The palms we hold in our hands, they hold this ambiguity. Our demand, as crowd, for victory and for death, our aching longing to be released into the parade; and the truth of our release through the lonely, abandoned self-giving of the one cast off by the crowd. Our complicity and our deliverance.
But what can the story tell us about where else we might be, how to stand away from the crowd? We are not Jesus. Yes, we are baptized into his crucified and risen life, and our own lives are a long process of trying to live into that. But we are poor little human things still, and we will fail. So we look elsewhere in this story for a human alternative.
And I think we may see it in those other silent figures—the women standing far off. They are clearly meant to be important; Mark names them with unusual care, explains who they are. They are not a part of the crowd. They are strangers to this city, and women, and vulnerable. They say nothing to anyone, they seem to take no active part in the drama. But they are the only ones who follow Jesus all the way to the end. The disciples scatter, Peter betrays. But these women are the ones who do not run away. They stand—perhaps as close as the soldiers would allow them to be—and they witness. They have witnessed everything up to this moment, and they will witness this awful moment as well, and then they will continue through the aftermath, they will follow the body and watch where it is placed, because that is what is available to them to do, because that is what their duty demands.

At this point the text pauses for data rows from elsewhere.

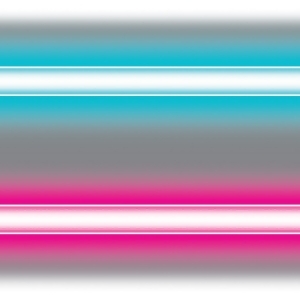 Pack of 6 Bright Blue and Pink 50's Inspired Neon Border Themed Party Wall Decorations 30' - All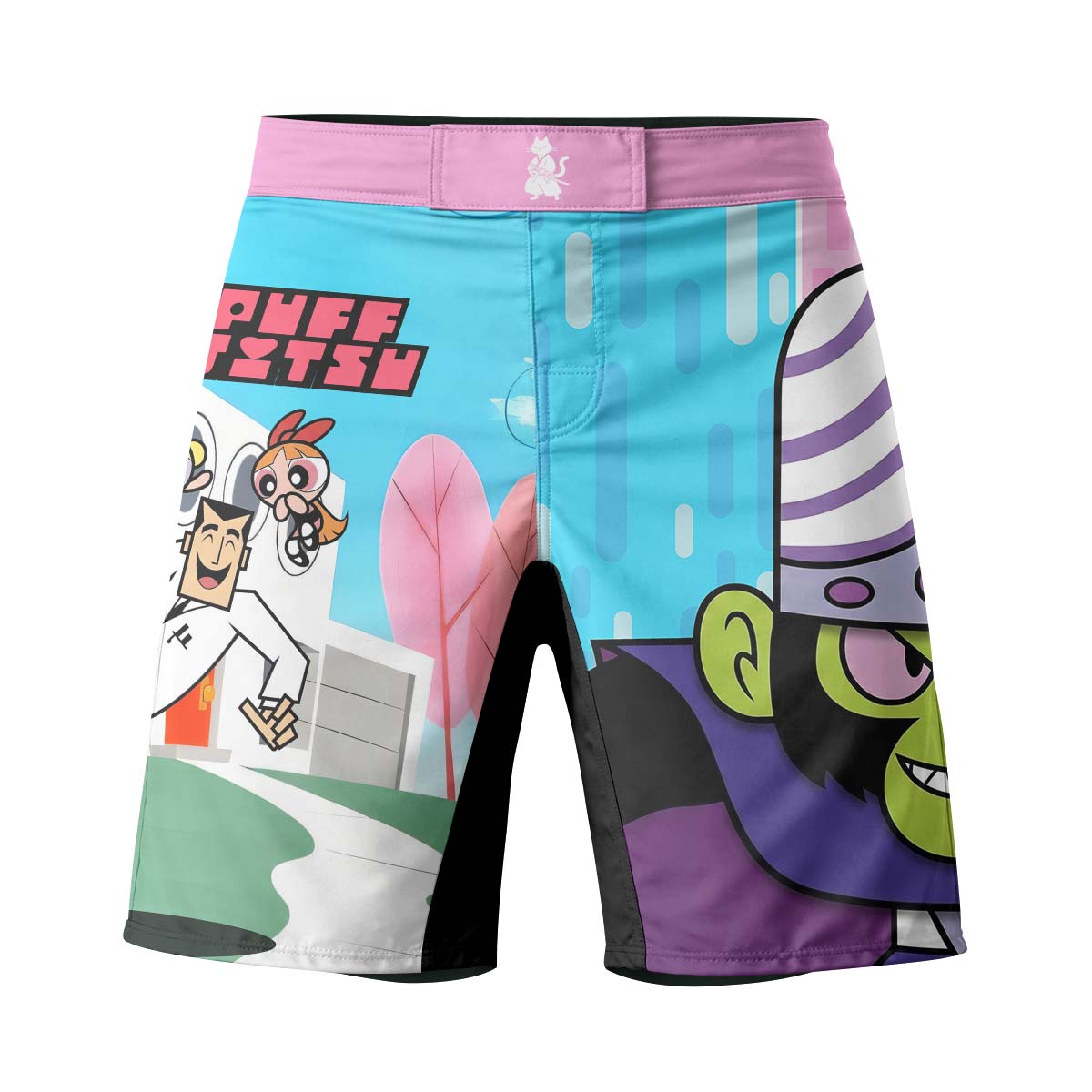 Powerpuff Girls Jiu Jitsu Fight Shorts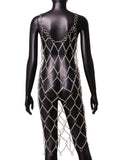 Robe Gothique Chaîne Argentée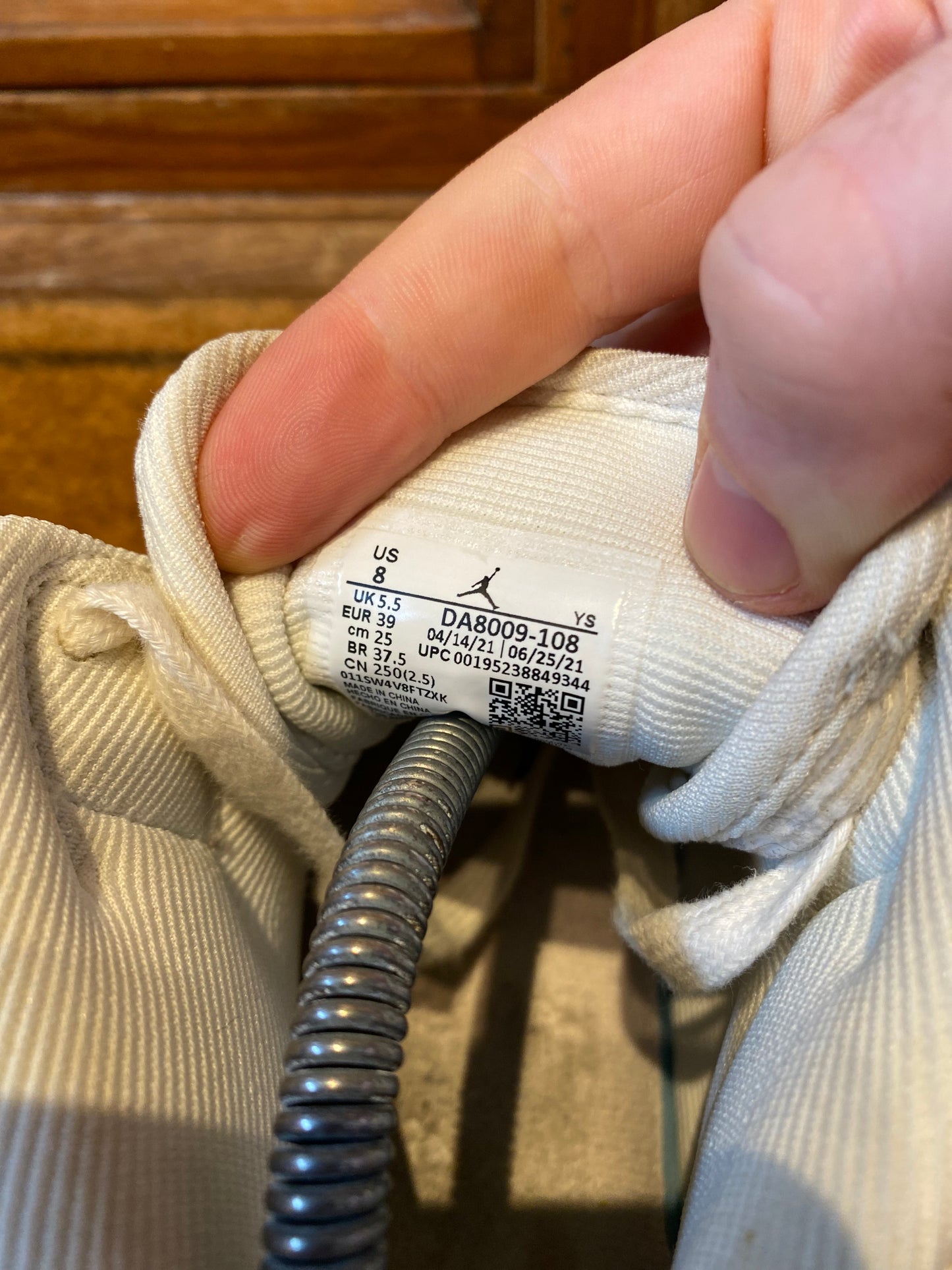 JORDAN 1 MID ‘CORDUROY SAIL’ - UK 5.5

We will come back to these women at Easter, and in some interesting ways. But right now, we see in this small group a way of being with other people which is different from the crowd—not crowd, but community. Not a collectivity swept up in a wave of excited brain chemistry, but a small group of individuals, who have travelled together, worked together, who now stand silently together to support each other through this apparently last and most terrible passage. And sometimes, that is what we ourselves can do. At the least, at the last, to stand aside from the crowd, to be quiet in the midst of the noise. To be aware, to stand in witness, in solidarity with those cast off or victimized. We cannot stop all the suffering of the world. We can, of course, and must, do small things to minimize it, to try to feed the hungry and to change the systems which create hunger, to comfort the lonely, and to create a world in which those who are different or difficult are not so isolated. We can do, like those women, whatever small things are available to us to do, what our duty of the moment demands.
But what we cannot change, we can at least acknowledge. We can at least hold the pain of the world in our witness and our knowledge and our love. We can at least say to someone, I know. Your suffering is not ignored, not unseen.
To stand with the hurt and the lonely and the rejected. And in this, to stand as close as we are able to the God who offers, who is constantly offering, his very self in the silent work of love.